EXERCISE DIRECTIONS => In the entries that follow, find the line containing "178 Old Course"; from there, copy every line exactly through the line containing "Measures: 17".

[[ RECORDS FOR PROCESSING, beginning ]]

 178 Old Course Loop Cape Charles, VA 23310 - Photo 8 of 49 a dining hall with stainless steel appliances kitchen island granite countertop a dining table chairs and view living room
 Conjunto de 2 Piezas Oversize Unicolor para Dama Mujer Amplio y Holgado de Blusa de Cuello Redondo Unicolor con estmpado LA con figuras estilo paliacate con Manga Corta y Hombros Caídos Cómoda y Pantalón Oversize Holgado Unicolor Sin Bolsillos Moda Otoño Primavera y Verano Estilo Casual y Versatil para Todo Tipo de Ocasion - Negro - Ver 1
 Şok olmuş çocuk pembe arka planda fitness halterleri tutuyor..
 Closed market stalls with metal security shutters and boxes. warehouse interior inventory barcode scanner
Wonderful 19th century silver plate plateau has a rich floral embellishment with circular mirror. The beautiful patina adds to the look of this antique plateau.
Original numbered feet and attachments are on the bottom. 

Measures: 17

[[ RECORDS FOR PROCESSING, end ]]
[[ RECORDS FOR PROCESSING, beginning ]]

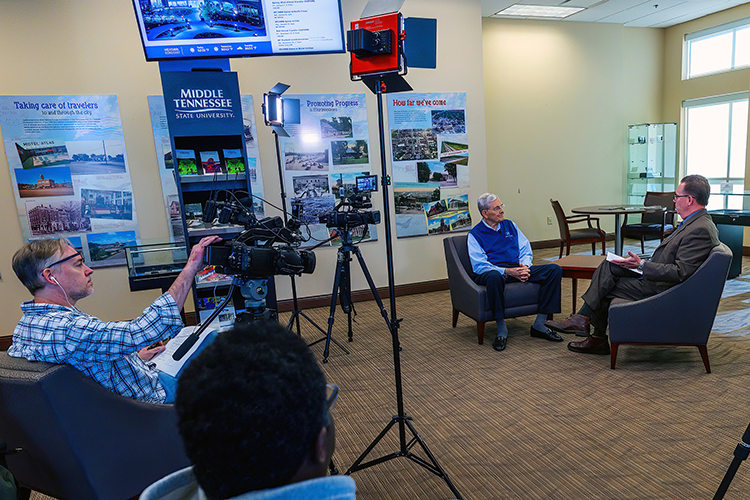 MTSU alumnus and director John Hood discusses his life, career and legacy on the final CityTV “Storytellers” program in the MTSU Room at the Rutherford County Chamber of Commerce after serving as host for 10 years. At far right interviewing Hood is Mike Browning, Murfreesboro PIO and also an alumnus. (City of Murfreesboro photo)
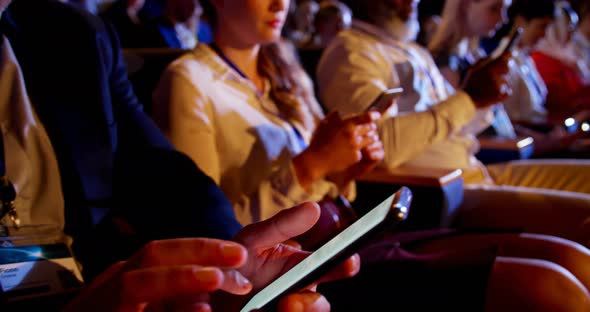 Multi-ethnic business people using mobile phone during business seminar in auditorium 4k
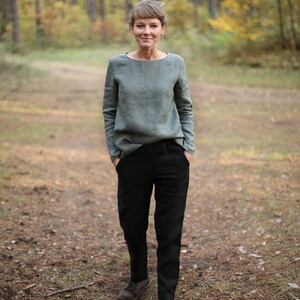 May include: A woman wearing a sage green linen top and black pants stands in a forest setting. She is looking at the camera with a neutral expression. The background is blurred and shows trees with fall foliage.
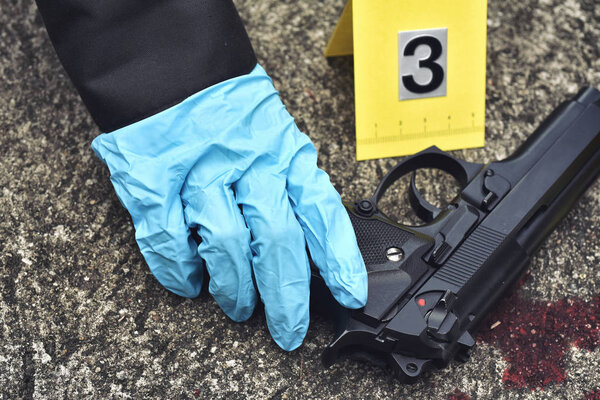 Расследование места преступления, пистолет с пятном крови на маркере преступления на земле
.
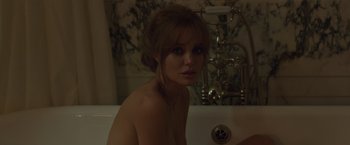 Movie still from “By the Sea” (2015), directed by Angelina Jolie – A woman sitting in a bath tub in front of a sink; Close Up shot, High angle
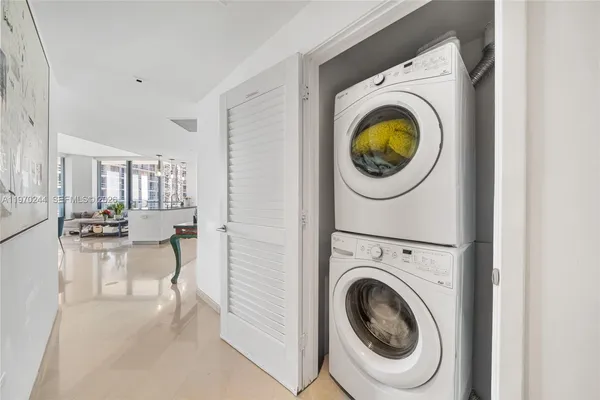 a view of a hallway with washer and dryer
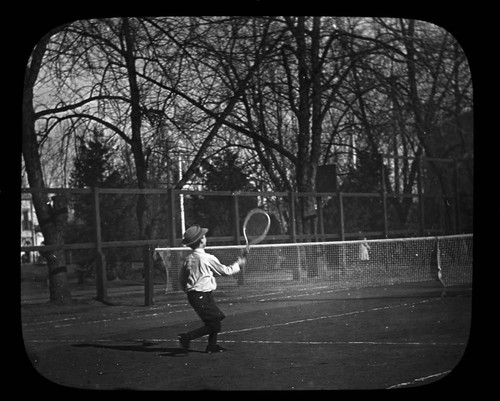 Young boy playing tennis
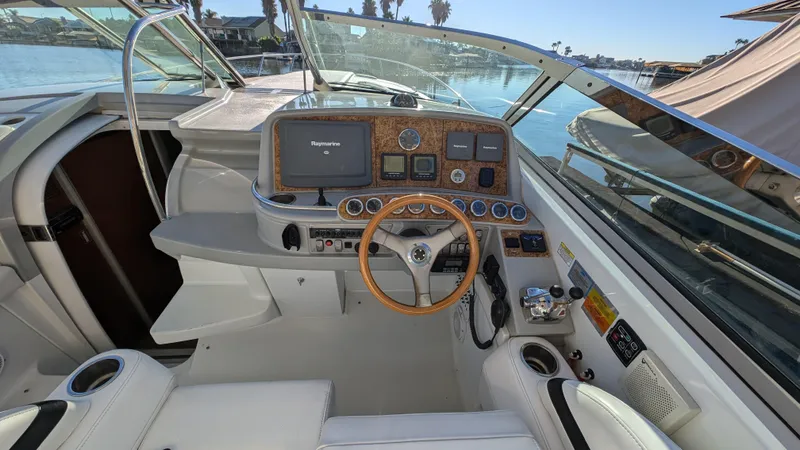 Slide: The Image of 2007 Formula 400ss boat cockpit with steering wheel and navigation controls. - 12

[[ RECORDS FOR PROCESSING, end ]]
[[ RECORDS FOR PROCESSING, beginning ]]

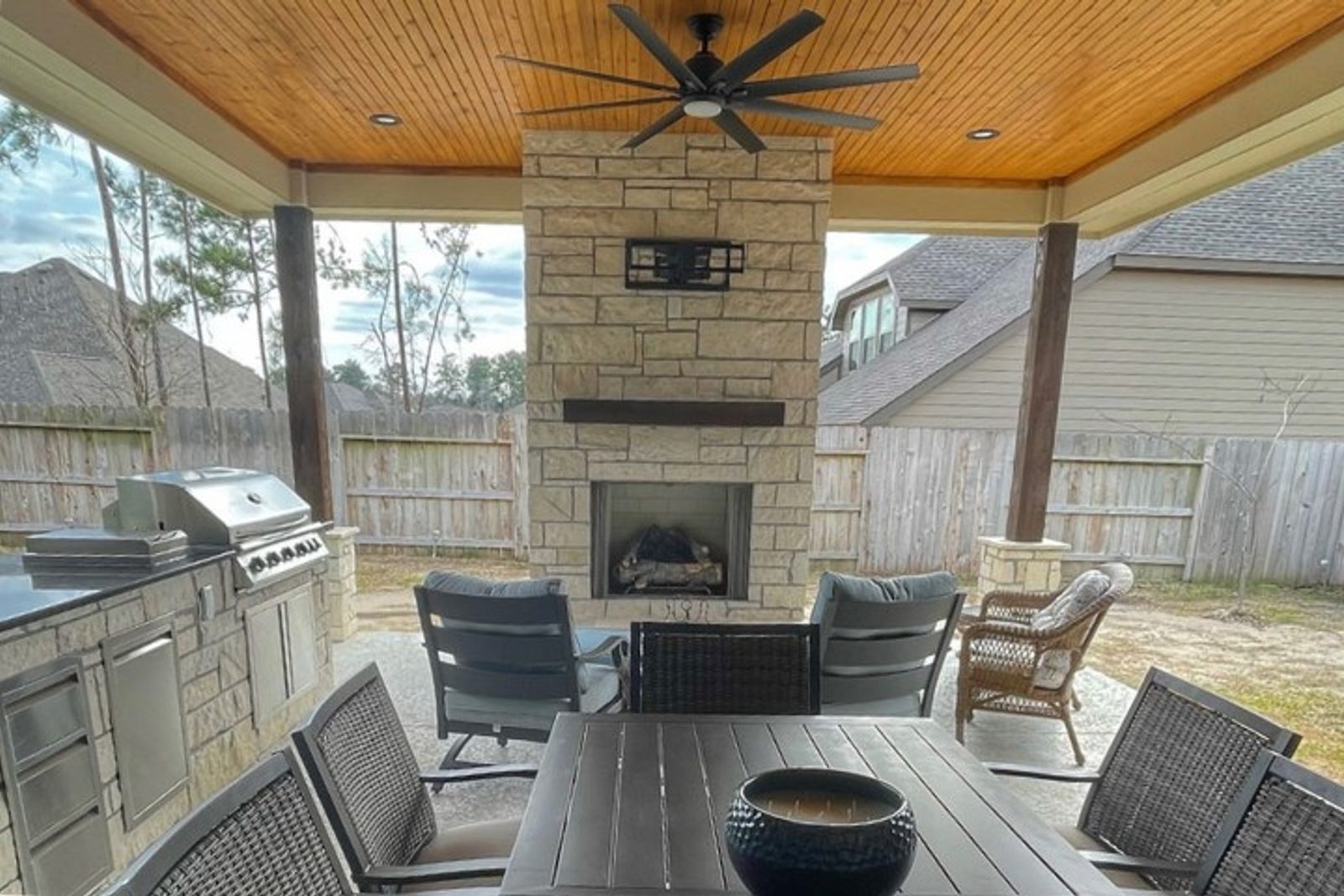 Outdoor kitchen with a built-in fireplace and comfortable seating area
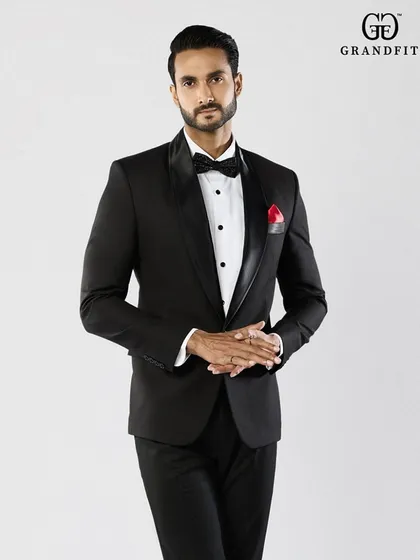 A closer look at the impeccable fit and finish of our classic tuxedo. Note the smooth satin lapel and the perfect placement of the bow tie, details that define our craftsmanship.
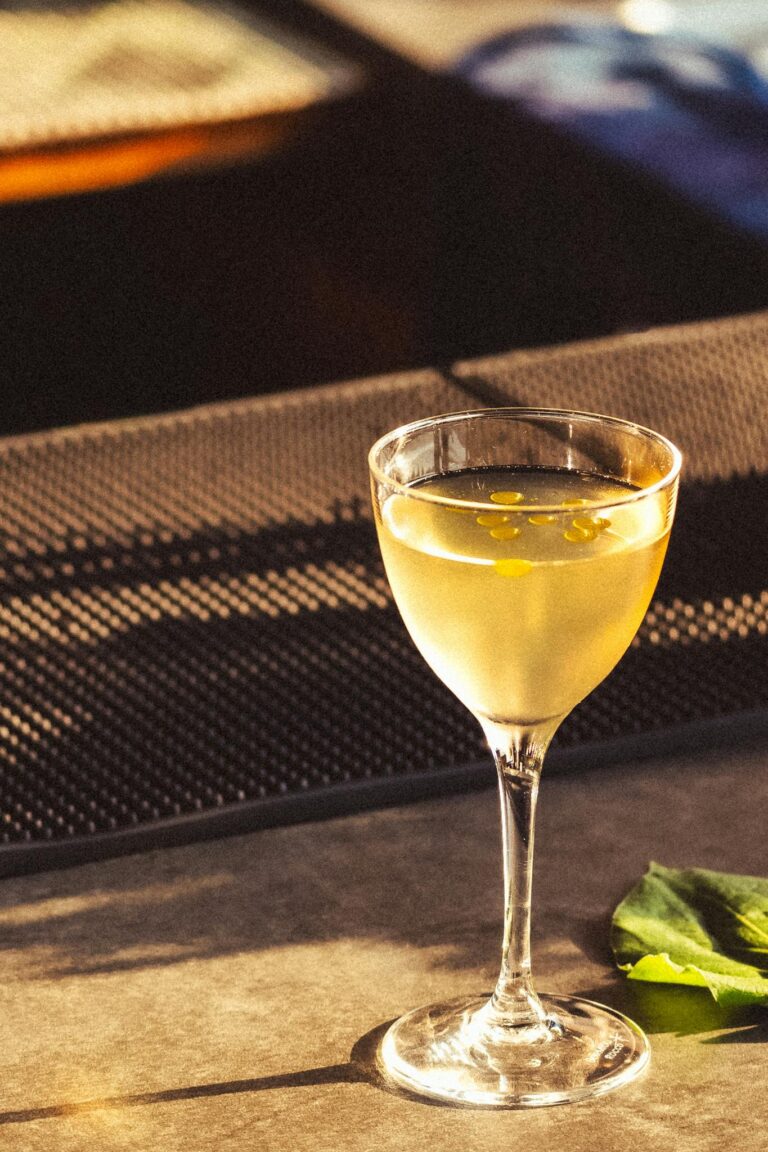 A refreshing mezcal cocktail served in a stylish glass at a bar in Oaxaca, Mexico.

[[ RECORDS FOR PROCESSING, end ]]

OUTPUT FOR THIS TASK =>
 178 Old Course Loop Cape Charles, VA 23310 - Photo 8 of 49 a dining hall with stainless steel appliances kitchen island granite countertop a dining table chairs and view living room
 Conjunto de 2 Piezas Oversize Unicolor para Dama Mujer Amplio y Holgado de Blusa de Cuello Redondo Unicolor con estmpado LA con figuras estilo paliacate con Manga Corta y Hombros Caídos Cómoda y Pantalón Oversize Holgado Unicolor Sin Bolsillos Moda Otoño Primavera y Verano Estilo Casual y Versatil para Todo Tipo de Ocasion - Negro - Ver 1
 Şok olmuş çocuk pembe arka planda fitness halterleri tutuyor..
 Closed market stalls with metal security shutters and boxes. warehouse interior inventory barcode scanner
Wonderful 19th century silver plate plateau has a rich floral embellishment with circular mirror. The beautiful patina adds to the look of this antique plateau.
Original numbered feet and attachments are on the bottom. 

Measures: 17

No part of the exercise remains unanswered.